In a word, no. At least, that’s what a look at the data suggests to the Financial Times. I examined returns on hedged and unhedged versions of various overseas funds. Over the past five years, the unhedged funds have largely beaten their hedged counterparts in markets as diverse as Europe, Japan, the US and emerging markets – in some cases, with a performance gap of over 20%.
Case closed? Not really. The recent past is a poor comparison period. Sterling collapsed after the Brexit vote. That instantly meant that the value of any non-sterling-denominated assets shot higher in sterling terms. With the pound now unlikely to repeat that collapse, the next five years could look very different.
We’d argue that you should largely avoid hedging, but not because of recent performance. The real issue is cost. Hedging makes a fund more expensive to run. As we all know, costs are the one thing we can control as investors, so we want to keep them as low as possible. So the question is: why would you invest in a hedged fund rather than the cheaper unhedged version?
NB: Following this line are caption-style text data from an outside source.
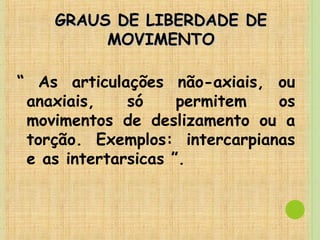 GRAUS DE LIBERDADE DEGRAUS DE LIBERDADE DE
MOVIMENTOMOVIMENTO
“ As articulações não-axiais, ou
anaxiais, só permitem os
movimentos de deslizamento ou a
torção. Exemplos: intercarpianas
e as intertarsicas ”.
The reality is that you are taking a view on the currency either way. Broadly speaking, if you knew that sterling was set to weaken against a foreign currency, then you would want unhedged exposure. If you thought it was going to strengthen, you’d hedge.
But you don’t know what the exchange rate will do either way. So unless you have a very high-conviction view on sterling (which may of course be wrong), then why buy the more costly version of a fund? If you like a market, get the cheapest exposure that you can, hold for the long run, and leave currency trading to the gamblers.
I wish I knew what currency risk was, but I’m too embarrassed to ask
Currency risk (or exchange-rate risk), as applied to investment, is the extra layer of risk you take by owning an asset in a foreign currency. Say you are a UK-based investor and you buy an S&P 500 tracker, which is denominated in US dollars. The US stockmarket stays flat, but the pound falls in value against the dollar. As a result, your S&P 500 holding would gain value in sterling terms, even though the market has stayed flat. In the same situation, if the dollar had weakened against the pound, then your holding would have lost value in sterling terms.
So, currency risk represents a further factor that can affect your returns, either positively or negatively. One way to try to tackle currency risk is by hedging. Put simply, this involves using derivatives to neutralise movements in exchange rates, leaving the investor exposed only to the underlying asset class.
However, this is not a cut-and-dried decision, as we discuss above. One factor to consider is that exposure to foreign currencies can be a useful feature of global portfolio diversification, rather than an irritating side-effect.
As the slide in sterling after the Brexit vote demonstrated, owning overseas assets when your home currency is on the way down is a nice way to diversify away geopolitical risk.
Also, remember that most major stockmarkets contain many multinationals, all of which are exposed to currency risk. For example, almost half the revenues generated by S&P 500 companies come from outside the US – and the figure is more than two-thirds for the FTSE 100. So even if you invest solely in Britain’s “headline” index, you are still taking currency risk – it’s just not as obvious.
Finally, as Tim du Toit of Quant-Investing.com points out, if you do decide to hedge, do it consistently. If you chop and change, you are effectively betting on currency movements – and that’s a recipe for disaster.